Tell us about A Journey Forever. What is it about?

It's a parable that people of all ages can relate to, right from my 90-year-old father to a friend's child, who is all of 15 years. I am convinced, deep down in my heart, that this is everyone's story. Although the content of my life has evolved and transformed, the essential context remains very much the same: life presents us with a choice. Either we choose to stay attached and safe, or we choose to [become] free and vulnerable, and live. When my daughter Sanjana read the book, she loved it was convinced it would appeal to many. Almost serendipitously, I ran into a dear friend at a social dinner, who introduced me to the publishers of Vakils, Feffer & Simons Pvt Ltd.

How did writing help you deal with a serious profession?

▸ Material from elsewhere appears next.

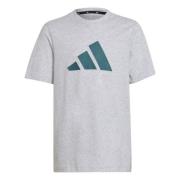 adidas T-Skjorte Future Icons 3-Stripes - Grå/Grønn Barn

Growing up, we were exposed to William Shakespeare and Charles Dickens, but I never read a lot of poetry. I realised along the years that writing comes easily to me, especially poetry. It comes from within and I enjoy writing short poems on a recreational level as well; it flows naturally. However, I do not have much time to devote to the same and do so on a minimal level.

You're also releasing a medical textbook. What was your experience working on this?

I always felt most books, especially multi-author books, were drab and did not focus on outcomes. We see so many complications but are never taught how to prevent or manage them. We are never taught the importance of detailed planning. In order to understand how many similar books have been written or released in the past, we ran a detailed Google search and found that till date, no author working in India has ever written a book on these lines, ever. Moreover, none of the books from the West give any details about the commonest cancers in Indian males, namely cheek and gum cancers.

Hope is the common theme in both books. Could you elaborate?

The books outline the power of faith. As a doctor, one must have faith in his ability and the patient must have faith in the doctor. It is the most important thing in our profession, as patients trust us to do massive surgeries on them and it's the faith that reassures them. On a spiritual level, you need to have faith in yourself to make things happen.

What are your future plans with writing?

In terms of medical writing, I do plan on working on my atlas of surgical techniques and original methods devised over the years. However, in the fictional realm, nothing was decided 41 years ago and nothing is decided now. If I get the same inspiration, I surely will but it will not be planned.